**Exercise instructions:** Below is a listing with pictures. Repeat exactly the lines starting at the one holding "289 Ward Street" and going on through the one holding "Welcoming one-story home", and leave every picture out.

**Material for this exercise:**

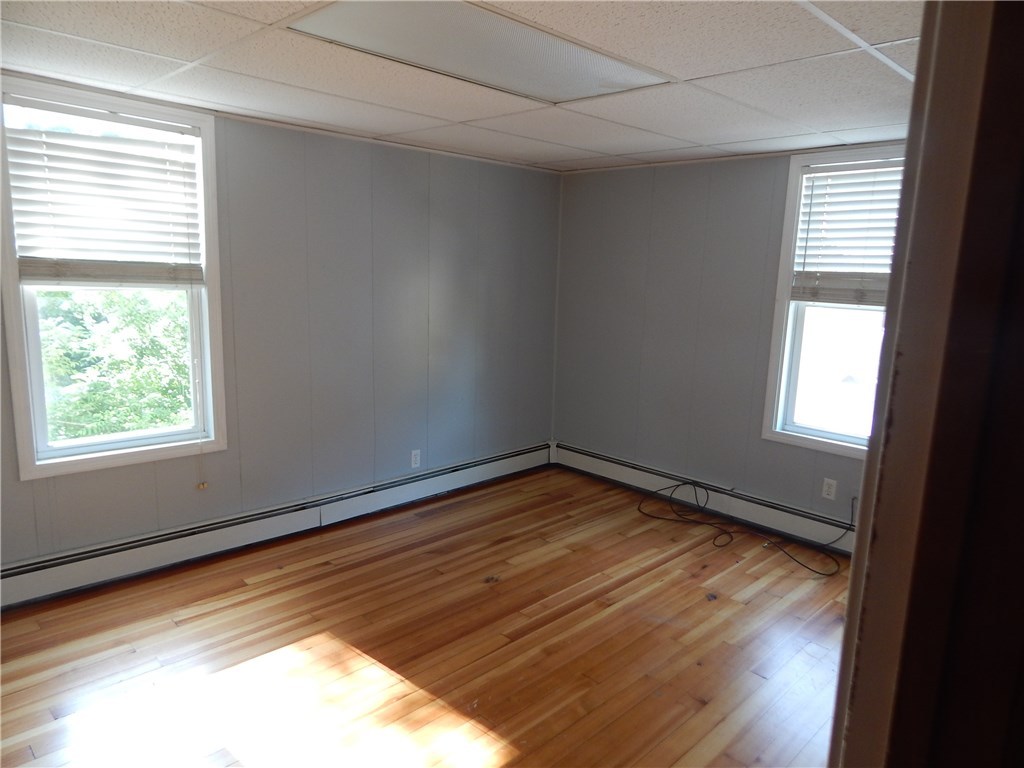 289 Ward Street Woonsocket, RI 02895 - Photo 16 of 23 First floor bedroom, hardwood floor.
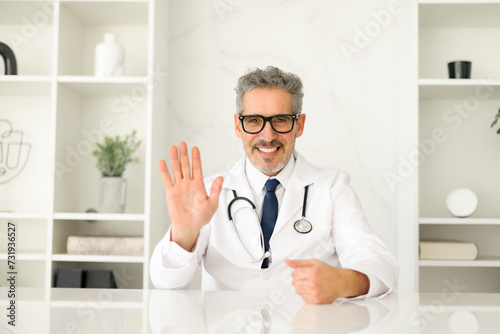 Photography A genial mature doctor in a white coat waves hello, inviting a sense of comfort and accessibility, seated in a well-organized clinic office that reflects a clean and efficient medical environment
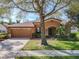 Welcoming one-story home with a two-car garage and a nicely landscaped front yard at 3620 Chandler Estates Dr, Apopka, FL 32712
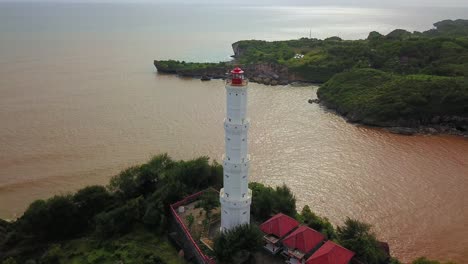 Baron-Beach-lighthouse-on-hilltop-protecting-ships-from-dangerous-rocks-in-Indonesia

==

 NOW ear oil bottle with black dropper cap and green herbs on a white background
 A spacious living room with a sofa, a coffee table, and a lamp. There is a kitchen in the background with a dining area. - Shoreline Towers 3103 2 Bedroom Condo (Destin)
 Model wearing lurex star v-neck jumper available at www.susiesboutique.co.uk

**Task response:**
 289 Ward Street Woonsocket, RI 02895 - Photo 16 of 23 First floor bedroom, hardwood floor.
 Photography A genial mature doctor in a white coat waves hello, inviting a sense of comfort and accessibility, seated in a well-organized clinic office that reflects a clean and efficient medical environment
 Welcoming one-story home with a two-car garage and a nicely landscaped front yard at 3620 Chandler Estates Dr, Apopka, FL 32712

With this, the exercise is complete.